(WHAT YOU WILL DO) Pictures stay out; everything else from the first line of the entries down through the line with "美国女子足球队7日在法国里昂女子世界杯决赛中击败荷兰队，第四次夺得女子世界杯。" gets copied exactly.

(SOURCE DATA)
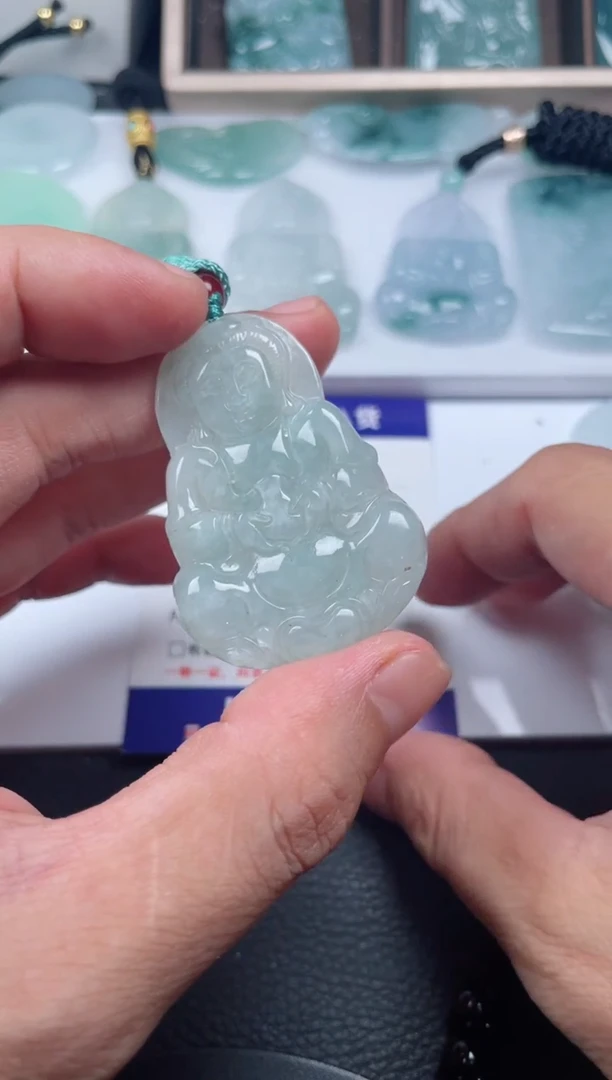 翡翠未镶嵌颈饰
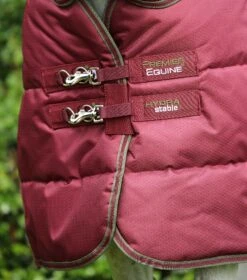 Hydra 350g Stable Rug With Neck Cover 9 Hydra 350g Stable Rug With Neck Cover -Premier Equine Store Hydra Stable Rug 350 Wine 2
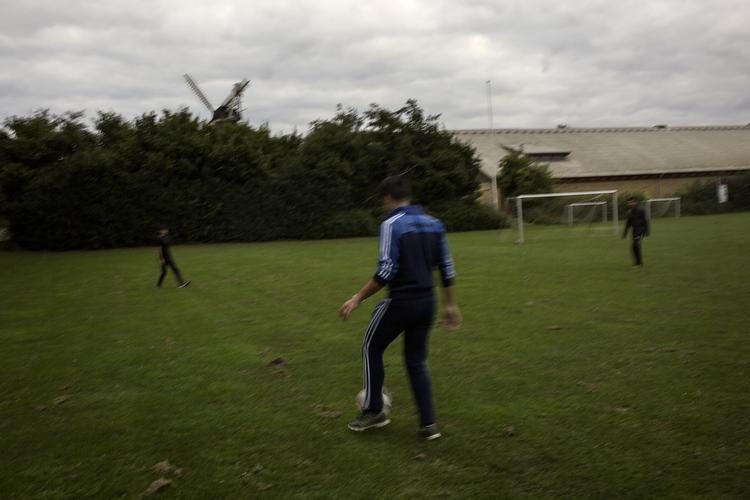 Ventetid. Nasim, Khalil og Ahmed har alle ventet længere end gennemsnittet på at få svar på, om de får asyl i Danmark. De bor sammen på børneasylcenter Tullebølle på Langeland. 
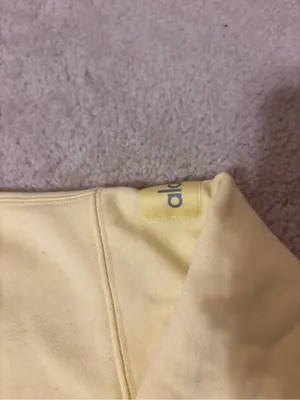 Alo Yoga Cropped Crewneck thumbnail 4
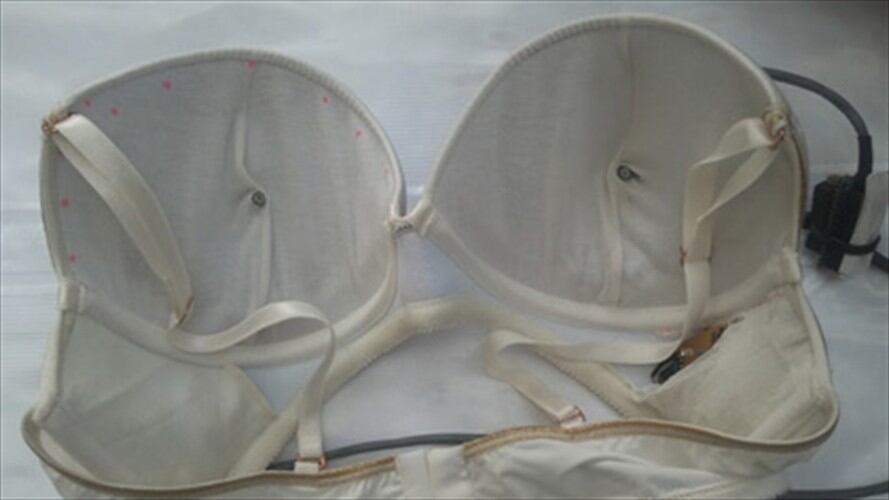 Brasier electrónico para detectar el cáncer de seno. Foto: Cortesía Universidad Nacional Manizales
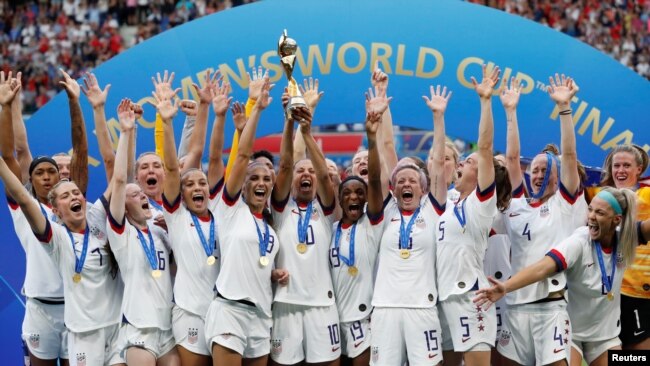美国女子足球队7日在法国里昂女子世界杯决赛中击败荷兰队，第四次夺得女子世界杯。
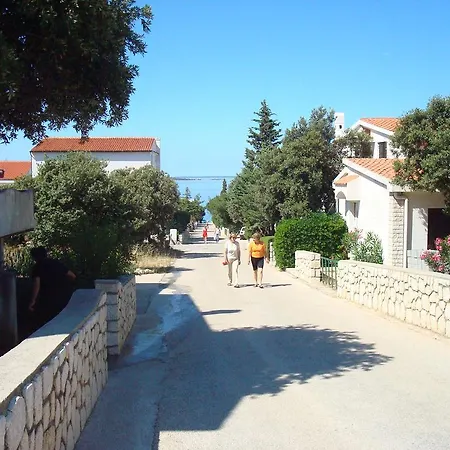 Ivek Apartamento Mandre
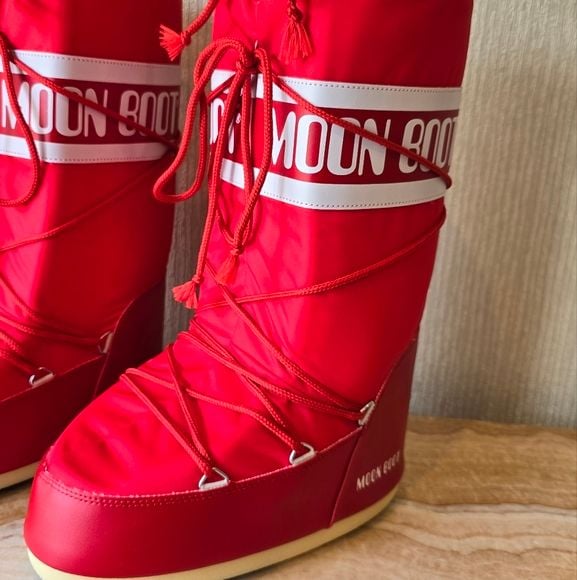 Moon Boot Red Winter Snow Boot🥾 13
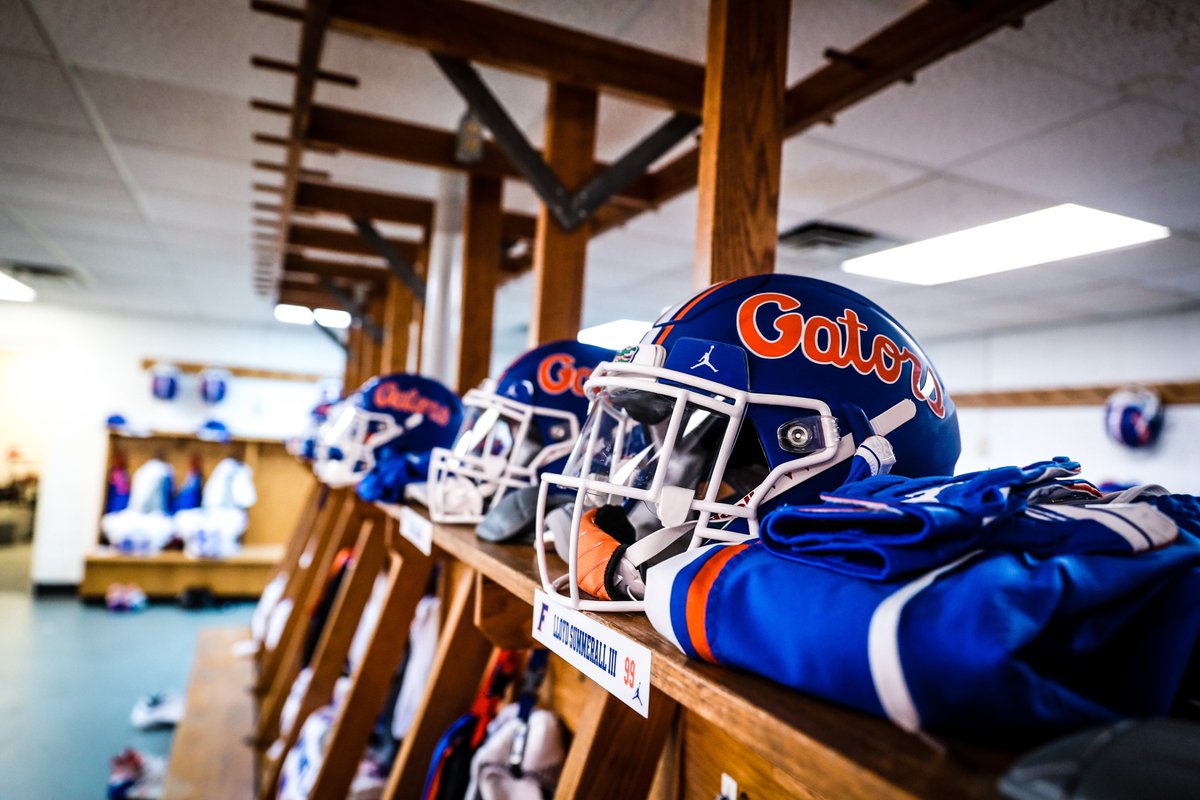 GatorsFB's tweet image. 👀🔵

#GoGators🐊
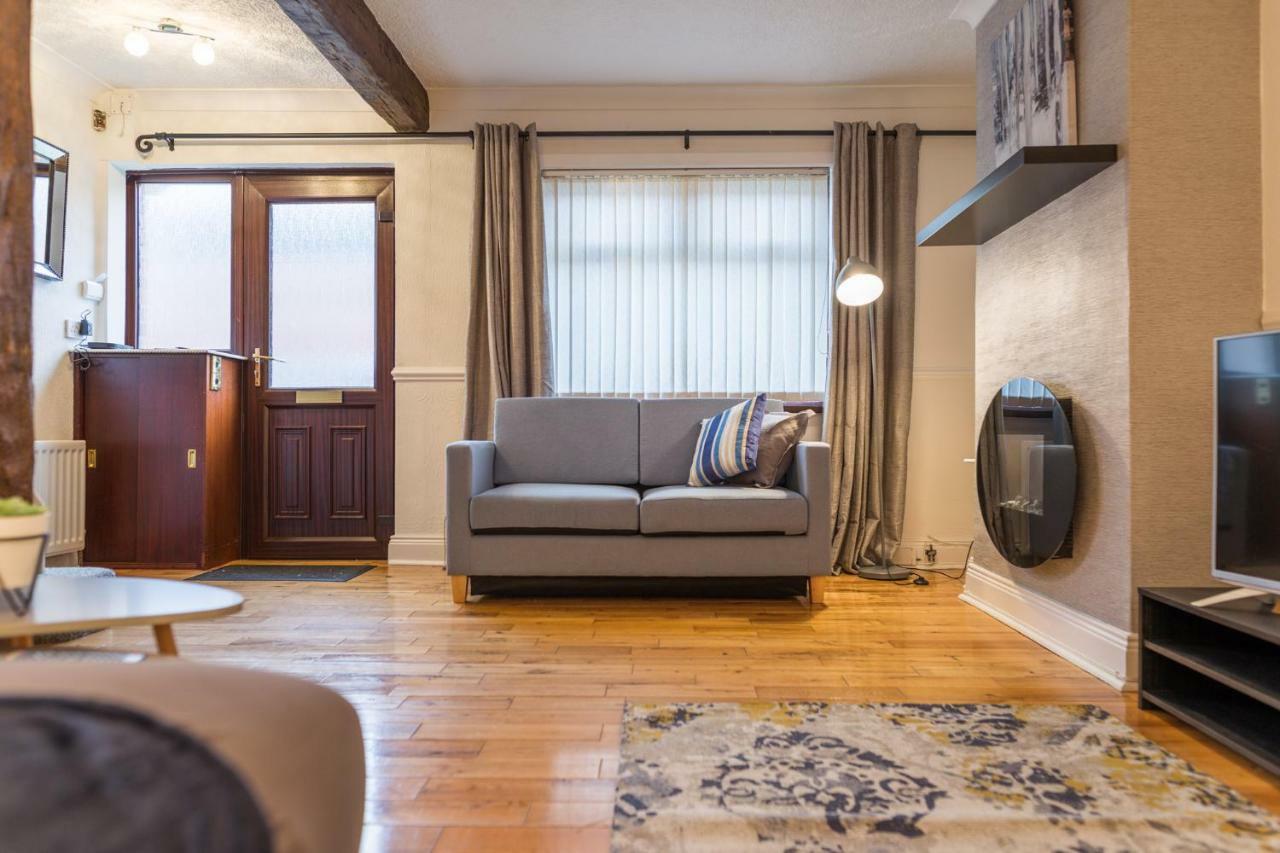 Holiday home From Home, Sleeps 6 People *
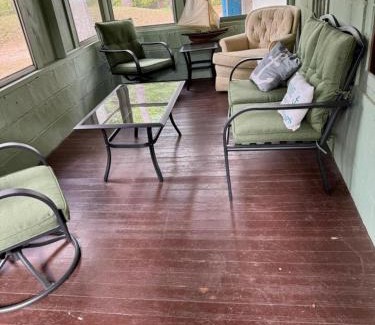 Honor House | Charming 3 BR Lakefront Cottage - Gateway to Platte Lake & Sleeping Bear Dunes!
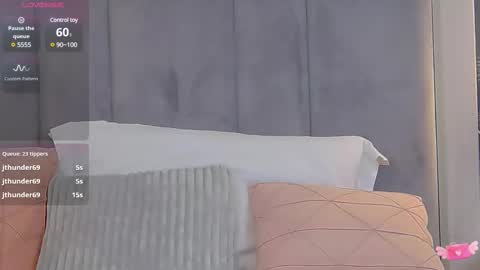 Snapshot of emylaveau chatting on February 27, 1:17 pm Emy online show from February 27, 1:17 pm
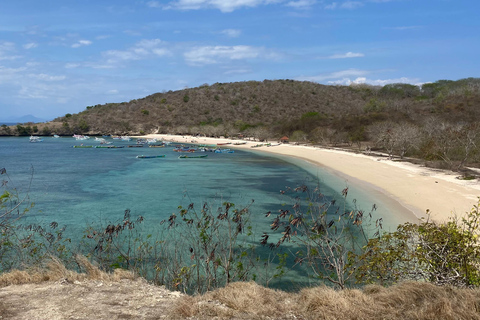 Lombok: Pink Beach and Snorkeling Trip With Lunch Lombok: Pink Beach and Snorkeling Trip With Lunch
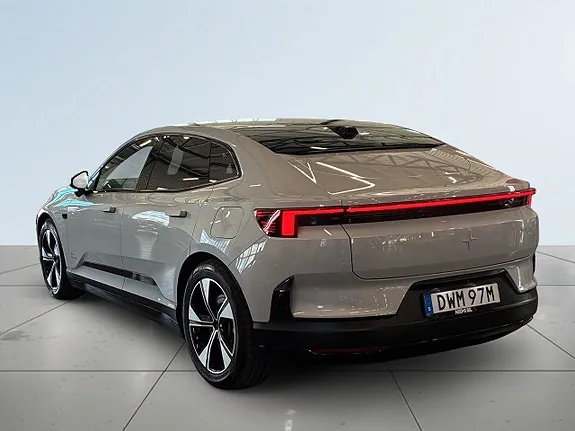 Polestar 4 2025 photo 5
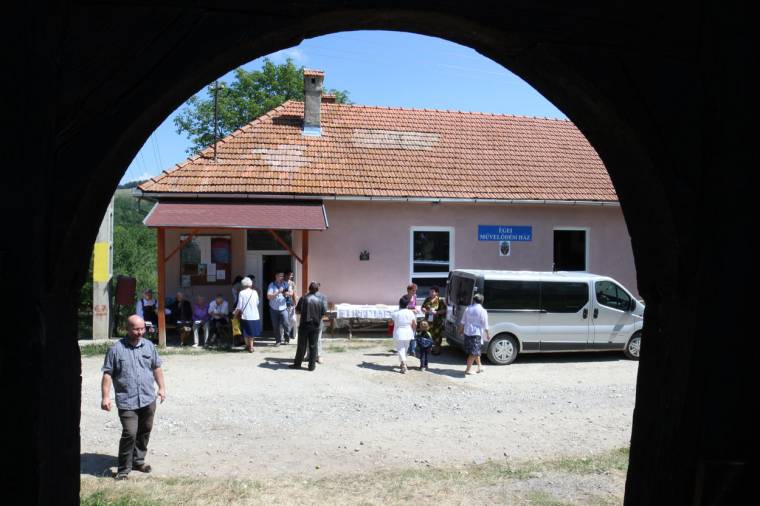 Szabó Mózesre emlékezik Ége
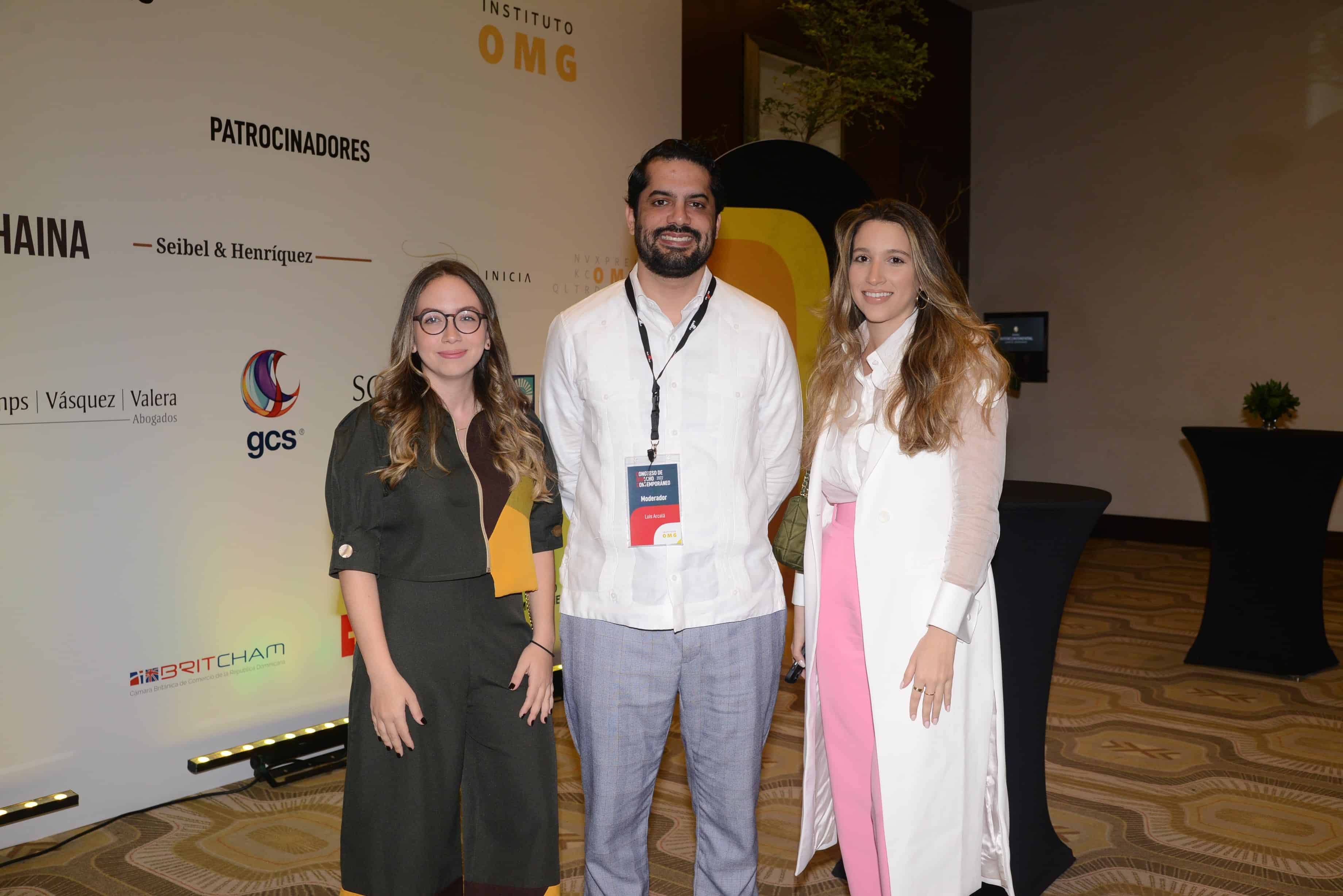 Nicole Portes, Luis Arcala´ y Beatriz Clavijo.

(TASK OUTPUT)
 翡翠未镶嵌颈饰
 Hydra 350g Stable Rug With Neck Cover 9 Hydra 350g Stable Rug With Neck Cover -Premier Equine Store Hydra Stable Rug 350 Wine 2
 Ventetid. Nasim, Khalil og Ahmed har alle ventet længere end gennemsnittet på at få svar på, om de får asyl i Danmark. De bor sammen på børneasylcenter Tullebølle på Langeland. 
 Alo Yoga Cropped Crewneck thumbnail 4
 Brasier electrónico para detectar el cáncer de seno. Foto: Cortesía Universidad Nacional Manizales
美国女子足球队7日在法国里昂女子世界杯决赛中击败荷兰队，第四次夺得女子世界杯。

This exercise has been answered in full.